Other than the loss of mother nature, there is a serious threat of money laundering through environmental crimes. Out of multiple ways that perpetrators use to launder money through environmental crimes, here are a few:

Unidentifiable Environmental Crime

The nature of environmental crimes makes it difficult to detect them. Criminals strategically place illegally obtained products (logs, stones, and waste)  into the legal system without the authorities noticing them. The officials are unable to identify the illicit product mixing with the legally obtained products without cross-border coordination and lack of awareness. Hence, companies that buy these products have no idea that some of them were obtained illegally. 

A real-life example of such an incident occurred in 2018 when an offender who ran a legal fish company used to mask his illegitimate pangolin trade income. As a result, the offender laundered USD 9 million through the trade. 

Enforcement Challenges

Another complicating aspect of environmental crime is being able to identify the unlawful act. It is comparatively difficult to differentiate between the legal and illegal repetition of the uniquely same behavior. This is mainly because the framework of the environmental law relies upon previously sanctioned contracts and quotas. To put it another way, legitimate mining can quickly become felonious if an official is bribed; legal logging may convert to illegitimate logging once a quota has been filed. When hidden into the lawfully acquired products, these illegally obtained products are used to launder money by showing that they cost more than they originally are. 
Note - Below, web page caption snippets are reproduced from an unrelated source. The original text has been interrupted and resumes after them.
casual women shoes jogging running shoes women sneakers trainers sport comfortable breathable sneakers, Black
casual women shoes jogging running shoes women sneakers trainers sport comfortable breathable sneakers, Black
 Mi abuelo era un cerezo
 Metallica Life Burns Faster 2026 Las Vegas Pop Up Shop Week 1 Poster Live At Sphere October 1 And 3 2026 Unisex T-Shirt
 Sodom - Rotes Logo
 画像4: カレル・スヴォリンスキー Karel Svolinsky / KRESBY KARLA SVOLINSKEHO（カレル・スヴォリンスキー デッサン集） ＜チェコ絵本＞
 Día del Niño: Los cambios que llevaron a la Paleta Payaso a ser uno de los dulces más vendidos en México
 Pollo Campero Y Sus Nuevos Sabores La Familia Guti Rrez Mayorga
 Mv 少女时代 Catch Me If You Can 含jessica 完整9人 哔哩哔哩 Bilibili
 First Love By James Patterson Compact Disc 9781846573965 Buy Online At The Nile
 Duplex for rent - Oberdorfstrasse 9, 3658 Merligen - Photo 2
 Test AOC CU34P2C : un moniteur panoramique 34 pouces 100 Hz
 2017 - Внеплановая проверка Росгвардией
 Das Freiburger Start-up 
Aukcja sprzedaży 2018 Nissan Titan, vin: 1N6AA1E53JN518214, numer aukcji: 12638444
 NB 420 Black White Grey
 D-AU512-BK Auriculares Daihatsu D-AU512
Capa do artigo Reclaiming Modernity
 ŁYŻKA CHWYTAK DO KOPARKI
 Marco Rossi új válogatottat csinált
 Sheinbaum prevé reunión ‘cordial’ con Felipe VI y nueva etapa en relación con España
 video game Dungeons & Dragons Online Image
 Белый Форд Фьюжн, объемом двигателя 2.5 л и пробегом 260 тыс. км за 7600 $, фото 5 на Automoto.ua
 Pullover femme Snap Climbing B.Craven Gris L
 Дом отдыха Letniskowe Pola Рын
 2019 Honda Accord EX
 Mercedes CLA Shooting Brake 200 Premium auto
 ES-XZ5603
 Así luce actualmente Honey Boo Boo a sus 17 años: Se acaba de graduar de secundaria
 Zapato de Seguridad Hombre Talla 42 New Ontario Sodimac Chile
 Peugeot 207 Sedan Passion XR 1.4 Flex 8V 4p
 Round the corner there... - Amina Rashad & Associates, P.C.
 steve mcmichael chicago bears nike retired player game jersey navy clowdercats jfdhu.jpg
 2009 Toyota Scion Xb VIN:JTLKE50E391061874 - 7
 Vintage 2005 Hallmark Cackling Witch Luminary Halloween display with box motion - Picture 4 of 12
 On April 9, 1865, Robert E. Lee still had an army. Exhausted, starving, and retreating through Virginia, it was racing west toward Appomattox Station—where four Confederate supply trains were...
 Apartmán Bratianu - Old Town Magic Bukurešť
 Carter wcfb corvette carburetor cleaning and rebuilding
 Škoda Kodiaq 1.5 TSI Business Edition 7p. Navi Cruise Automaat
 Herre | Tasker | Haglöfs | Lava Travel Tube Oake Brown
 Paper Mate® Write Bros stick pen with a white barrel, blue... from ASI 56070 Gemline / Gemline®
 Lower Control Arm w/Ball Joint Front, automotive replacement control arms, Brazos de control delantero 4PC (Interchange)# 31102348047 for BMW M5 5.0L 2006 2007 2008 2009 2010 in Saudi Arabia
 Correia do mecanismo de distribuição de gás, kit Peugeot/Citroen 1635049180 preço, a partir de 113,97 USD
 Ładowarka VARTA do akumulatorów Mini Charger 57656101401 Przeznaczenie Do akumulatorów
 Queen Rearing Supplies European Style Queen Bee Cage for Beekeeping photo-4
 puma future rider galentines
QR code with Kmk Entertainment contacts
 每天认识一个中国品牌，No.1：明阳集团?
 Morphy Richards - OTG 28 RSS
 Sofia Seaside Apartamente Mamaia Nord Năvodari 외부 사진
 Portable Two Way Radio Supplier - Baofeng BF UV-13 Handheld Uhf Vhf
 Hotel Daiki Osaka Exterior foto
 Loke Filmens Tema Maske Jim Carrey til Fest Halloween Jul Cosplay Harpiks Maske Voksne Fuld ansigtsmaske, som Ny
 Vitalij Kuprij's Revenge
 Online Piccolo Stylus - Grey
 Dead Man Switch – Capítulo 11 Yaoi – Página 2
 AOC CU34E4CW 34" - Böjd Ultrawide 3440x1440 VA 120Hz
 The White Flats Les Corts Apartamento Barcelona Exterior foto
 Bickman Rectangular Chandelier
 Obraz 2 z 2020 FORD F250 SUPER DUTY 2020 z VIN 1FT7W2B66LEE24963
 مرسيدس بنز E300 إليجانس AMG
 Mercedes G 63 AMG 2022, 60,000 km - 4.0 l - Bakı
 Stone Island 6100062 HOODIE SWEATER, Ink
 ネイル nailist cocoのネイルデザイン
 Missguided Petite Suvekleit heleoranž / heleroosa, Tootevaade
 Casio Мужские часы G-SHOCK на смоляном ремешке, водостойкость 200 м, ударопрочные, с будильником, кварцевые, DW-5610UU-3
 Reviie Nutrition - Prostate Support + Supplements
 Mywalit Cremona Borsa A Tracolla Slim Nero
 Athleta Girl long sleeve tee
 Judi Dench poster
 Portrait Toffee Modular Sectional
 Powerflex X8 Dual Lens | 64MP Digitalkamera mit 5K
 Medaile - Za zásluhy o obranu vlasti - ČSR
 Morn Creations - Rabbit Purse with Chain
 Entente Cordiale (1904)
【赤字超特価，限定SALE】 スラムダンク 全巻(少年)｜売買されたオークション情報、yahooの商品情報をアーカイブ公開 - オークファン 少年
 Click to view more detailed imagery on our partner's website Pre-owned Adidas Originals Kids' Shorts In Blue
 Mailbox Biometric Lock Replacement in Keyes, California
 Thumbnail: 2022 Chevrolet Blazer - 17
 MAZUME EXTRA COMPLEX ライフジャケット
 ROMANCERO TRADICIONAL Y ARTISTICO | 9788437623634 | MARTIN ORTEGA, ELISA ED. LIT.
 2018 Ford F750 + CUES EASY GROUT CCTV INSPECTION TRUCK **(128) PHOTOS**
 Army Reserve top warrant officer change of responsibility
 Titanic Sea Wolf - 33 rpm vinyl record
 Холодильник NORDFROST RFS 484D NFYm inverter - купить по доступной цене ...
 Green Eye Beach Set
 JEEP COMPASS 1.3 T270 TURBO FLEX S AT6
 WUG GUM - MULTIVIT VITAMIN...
For instance, a policeman in 2017 illegally sold armadillos to buy expensive cars, clothes, and accessories. Then, after being arrested, he tried his best to hide his possessions by creating fake invoices. 

Trade-Based Money Laundering

The dealing of heavy raw materials and goods makes it effortlessly easy to indulge in Trade-Based Money Laundering (TBML). TBML makes it easy to over and under invoice the shipping of goods by mislabelling the hazardous waste or concealing the real value of the protected wood. The goal of TBML is to launder illegally obtained products into the international trade system. Profiting from illicit trading is the best way to launder money because of the deficiency in monitoring the financial flows of these products. This makes it evident that countries seldomly focus on the financial perspective of this crime; hence, criminals expand their illicit activities into this area. 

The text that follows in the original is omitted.